A friend of mine recently posted an article about "reverse racism" and about how it doesn't really exist.  This is in conjunction with a number of posts about reverse racism, especially this kinda-funny, kinda uncomfortable stand up routine:

I see the points that these folks and many other people make.  Racism isn't just about prejudice and discrimination.  It's about long-term systemic abuse of a race as well, and whites just don't have that.  I get it.  But I think most people don't.  And that has to do with the dictionary.

The World dictionary defines racism as:

racism or racialism  (ˈreɪsɪzəm, ˈreɪʃəˌlɪzəm) 
— n
1.the belief that races have distinctive cultural characteristics determined by hereditary factors and that this endows
some races with an intrinsic superiority over others
2.abusive or aggressive behaviour towards members of another race on the basis of such a belief

Thus, the dictionary definition of racism has more to do with prejudice than systemic causes.  This doesn't mean that systemic racism doesn't exist.  It only means that the word "racism" doesn't convey that meaning by itself.  It also means that, if you define "racism" as only having a systemic meaning, you can say that "reverse racism" doesn't exist.  But the rest of society, that sees the word "racism" to mean "racial prejudice or discrimination" reverse racism can exist.  To deny this is to deny the common meaning of the word. 
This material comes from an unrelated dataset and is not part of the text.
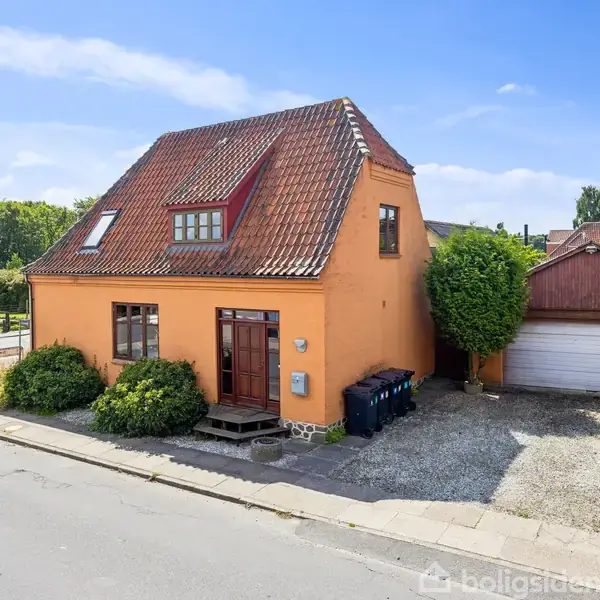 Et orange hus med rødt tag står ved en vej, omgivet af buske. Ved siden af huset er en grusindkørsel, der fører til en trægarage. Det er solskinsvejr.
I have to say that although it sounds petty, this subject of the use of words is very important to me.  Language is the most populist medium ever, and words are owned by the people.  The purpose of dictionaries is not to say how a word *should* be used, but how it is used.  This is why dictionaries are at the forefront of clear communication, because they explore the use of words in the world and report it back to us.

When a person says, "This is what the word really means", in opposition to a dictionary meaning, what they are doing is imposing an elitist definition upon a word that is already popularly used.  I don't think any of us have that right.  And when we insist upon our narrow definition that is not used in a popular way, then our statements are confusing to most people, and it leads to arguments.  "Racism" according to the dictionary, is not used primarily in a systemic way.  To insist that this is the "real" meaning of the word, is not to change the word, but to create confusion. When I say "popular" I don't mean just Anglos, but PoC as well.

The Oxford English Dictionary has a half million words in its volumes, and modern English has the broadest vocabulary of any language that has ever existed.  We use words in combination to create concepts that have never existed before, especially when we draw on other languages.  So we have all the tools available to us to clearly communicate what we mean.  Why change the meaning of a word that is already there, and already means something different?

For this reason, I want to advocate for the use of three terms:
-Racial prejudice
-Racial discrimination
-Systemic racism
The majority of our conservative friends don't even recognize the idea of systemic racism, because those communicating it only use the term "racism" which means "racial prejudice" to most people.  If they would say "systemic racism" instead, then people might be able to understand what was being talked about.

Again, this isn't a matter of the idea.  The idea is an important one.  It is how we communicate the idea in order to change thinking.  As long as the term "racism" is used in a narrow sense, understood to people only who have been educated in that use, then we are only speaking to the choir, and the majority of people won't understand.

Some say, "Well, they need to be educated as to what the word really means, and then they'll understand."  Actually, the word really means something already.  What some are doing is using a narrow definition of the word to be the key to enter some kind of moral or cultural "club",  and if you don't use the word the right way, then you don't belong.  But our goal should be to have EVERYONE understand systemic racism, and to realize what it's about.  To do that, we need to set aside our ownership of certain words and allow it to mean what it means to most people and to clarify what we, those who do understand, with clearer terms.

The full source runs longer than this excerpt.